In case of array indices I'd replace your "a bit more" by "a lot
more".
If one wants top performance on 64-bit architectures then avoiding
'unsigned int' indices is a very good idea. Hoping that compiler will
somehow figure out what you meant instead of doing what you wrote is a
naivety.

Michael S <already5chosen@yahoo.com> writes:
>On Wed, 21 Feb 2024 14:34:59 GMT
>scott@slp53.sl.home (Scott Lurndal) wrote:
>
>> David Brown <david.brown@hesbynett.no> writes:
>> >On 20/02/2024 18:47, Anton Ertl wrote:
>>
>> >And support for 32-bit has /not/ been "eliminated from ARM cores".
>> >It may have been eliminated from the latest AArch64 cores
>>
>> The ARMv8 architecture fully supports the A32 and T32 instruction
>> sets.
>>
>> Implementations of the architecture can choose not to implement
>> the A32 and T32 instruction sets. Some ARMv8 implementations
>> (e.g. Cavium's) never implemented A32 or T32. Many (if not most) ARM
>> implementations of ARMv8 implemented the A32/T32 instruction
>> sets for EL0 (user-mode) only - I'm not aware of any that
>> supported A32 at privileged exception levels (EL1, EL2 or EL3).
>>
>
>W.r.t. Arm Inc. Cortex-A cores that's simply wrong.
>All 64-bit Cortex-A cores from the very first two (A53 and A57, 2012)
>and up to A75 support A32/T32 at all four exception levels. Of those,
>A53 and A55 are still produced and used in huge quantities.
>The first Cortex-A 64-bit core that supports aarch32 only at EL0 is
>Cortex-A76 (2018).

I'm looking at it from a server-grade core (neoverse) perspective. Even
with the Cortex-A cores, there wasn't much -demand- for
aarch32 support at higher levels (except for Rasp Pi, which
granted there are a considerable number of them).

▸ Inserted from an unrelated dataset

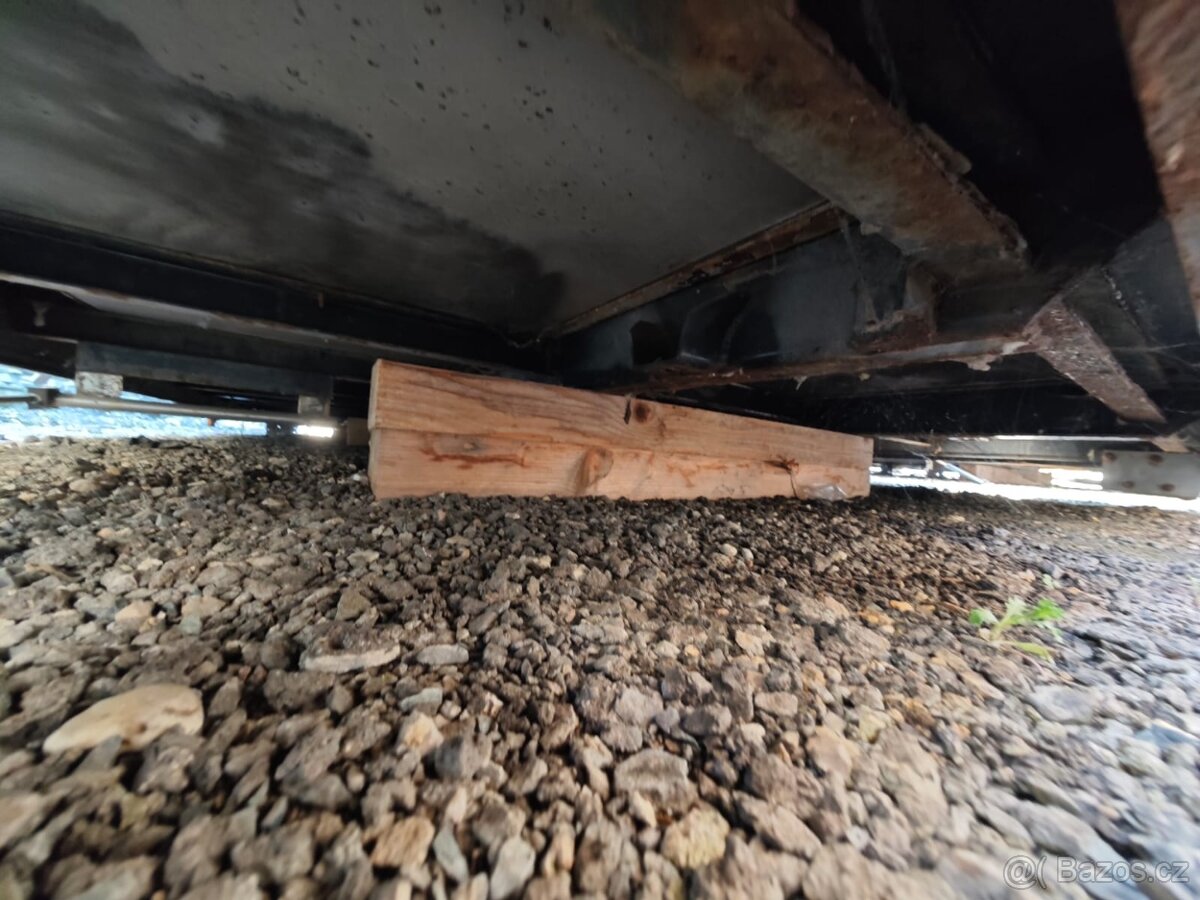 Valníková nástavba - 820 cm - 20 palet - 4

On 21/02/2024 17:23, Michael S wrote:
> On Wed, 21 Feb 2024 14:34:59 GMT
> scott@slp53.sl.home (Scott Lurndal) wrote:
>
>> David Brown <david.brown@hesbynett.no> writes:

>>> good track of these. But for every such core sold, there will be
>>> hundreds (my guestimate) of 32-bit ARM cores sold in
>>> microcontrollers
>>
>> Indeed, and many ARMv8 SoCs include arm 32-bit M-series
>> microcontrollers on-chip.
>
> Still, I don't think that the ratio of all ARM cores combined to cores
> in smartphone application processors is really hundreds. I'd say,
> something between 15 and 30.

32-bit ARM Cortex-M cores are /everywhere/. Your smart phone probably
has several of them for the cellular modem, the wireless interface, and
other devices. Your TV will have them, your microwave, your keyboard,
your games console controllers. But my guestimate is no more than a
guestimate, and the ratio is perhaps less than it used to be as
smartphones and other such things get more and more cores.